STEP61「もふもふに想いを告げ」




 ――くぅん……。

 あれ? この声……。すぐに思い出したいのに記憶が霞んでしまっている。深い微睡みの中にいるようで、意識が遠のいていた。

 ――くぅん、くぅん……。

 もう一度、鳴き声が聞こえたような気がした。懐かしく、とても愛しい声……これはまさしく……。

「ルクソール!」

 私は力強く叫んだ! その時、ブワッと情報量が一気に頭の中へと巡り、意識が明瞭となる。刹那、

「くぅんっ」

 ――ハッ!

 鳴き声に呼ばれて私は我に返る。目の前には金色に煌く愛らしい天使が寝台の上でお行儀良く座っていて、私は急速に目頭が熱くなる。

「ルクソール!」

 私がルクソールの名を呼ぶと、彼はピョンッと私の懐に飛びついて来た。

「ルクソール!」

 私はもう一度、彼の名を呼んでギュッと抱き締める。フワフワの肌触りの良い金色の毛、ドクドクと確かに脈打つ心臓の音があったかい。

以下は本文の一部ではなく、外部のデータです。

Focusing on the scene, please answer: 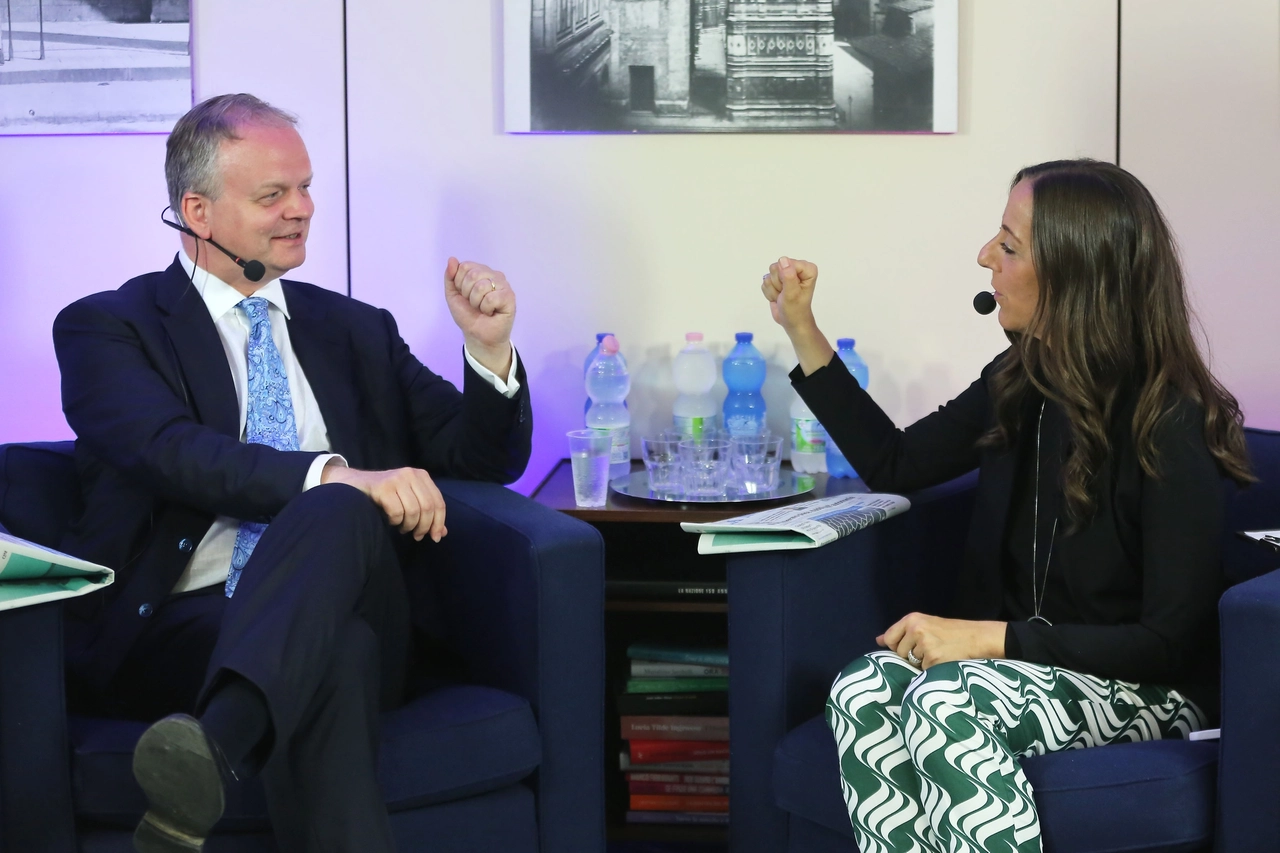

「ルクソール、ルクソール、逢いたかったぁ、逢いたかったよぉ……」

 ポタポタと熱い雫がシーツの上に音を立てて浸透していく。一週間ぶりの再会がこんなにも嬉しいだなんて。なによりルクソールが無事でいてくれて本当に良かった!

 私が王太子の部屋で捕まってしまった後、ルクソールがどうなったのか、それがずっと心残りだった。やっぱりルクソールは私にとってかけがえのない大切な存在だ。それを改めて実感する。

「なにも言わずに一週間も部屋を空けてしまってゴメンね。アナタの事だから毎日この部屋に来てくれていたんでしょ?」

 ルクソールは私の懐から顔を上げ、ジッと見つめてくる。その表情はとても精悍な顔つきだった。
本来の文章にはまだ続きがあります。